Brutalist architecture was big in the former Eastern Bloc and Yugoslavia, where a sense of aesthetic was habitually sacrificed in favour of practicality and austerity. Interestingly, the name doesn’t come from the harsh, stark nature of the structures, but rather from the French béton brut meaning ‘raw concrete’. Still, I reckon either interpretation of the name works just fine. Pristina was not spared from Brutarch, and has the dubious honour of containing what is arguably one of the most visually confronting, unsettling and grotesque buildings on the planet. The National Library is an horrific architectual abomination, which looks like an imprisoned building. Adding to the dystopian feel of the place was the rundown and vandalised exterior.
‘Main Force Patrol to Gosling One. Main Force Patrol to Gosling One…’
After experiencing the National Library of Horror I was in need of a little pick-me-up, and what better way to get it than from Bill Clinton’s winning smile? The Kosovans love The Clint, and credit him with the NATO air strikes that ended the independence war with Serbia.
‘Hey Jim!’ ‘Oh g’day Bill!’
On Bill Clinton Boulevard you can find Prinstina’s Bill Clinton Statue, depicting Bill’s winning grin in brass, beneath a super large portrait of Bill.
I actually met Bill Clinton once, after he had left public office. He came to my work, and I remember him as a quietly spoken bloke who lacked a sense of personal space (some readers may not find this surprising). I mean, Australia’s a big country, yet when Bill spoke to me he leant in so close to my ear I thought he was going to kiss me.
Anway, getting back to Kosovo, the nation was born in 2008, and the appropriately named Newborn Monument celebrates this occasion. There may not be a great deal to it, but it certainly gets the message across.
Watching the Kosovo conflict unfold from Australia was a pretty confusing affair. I have to admit I never really understood it, so in an effort to rectify this I went to the Kosovo Museum.

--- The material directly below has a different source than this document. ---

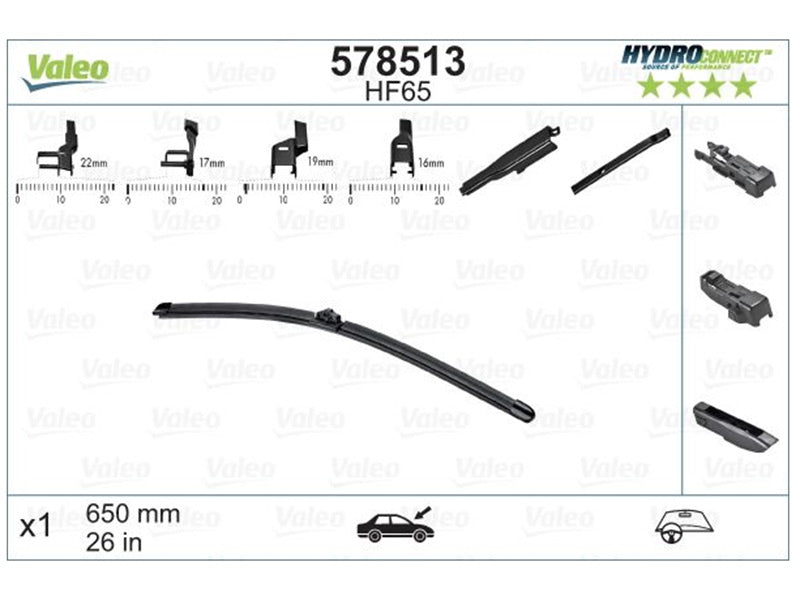 VALEO Stikla tīrītāja slotiņa HydroConnect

The Kosovo Museum contained a collection of Albanian folk instruments, including this cool horn and reed set-up
I also found out where Devo have been hiding since the 80s
Unfortunately for me all the Museum’s interpretive signs were in Albanian, but I stuck at the task and toured the exhibits and learned a few things along the way.
Copy of the Kosovo Declaration of Independence, and flags of the countries that recognised the new nation
The history of the conflict with Serbia still remained a mystery so I had to watch some doccos* about it when I got back to the apartment.
The former Yugoslavia is littered with spomeniki (memorials). These installations commemorate the struggle against occupation during WWII, and the emergence of socialist Yugoslavia. They are invariably brutalist, mostly weird, and have a 1960s space age The Jetsons feel about them. Pristina’s example, Monument to Brotherhood and Unity, is a cracker.
The artist designed the memorial to represent Montenegrans, Serbians and Albanians living in harmony. Sadly, in this case, life didn’t imitate art.
I enjoyed visiting Pristina, but after a few days it was time to move on again. Turns out leaving Kosovo wasn’t going to be as easy as I thought.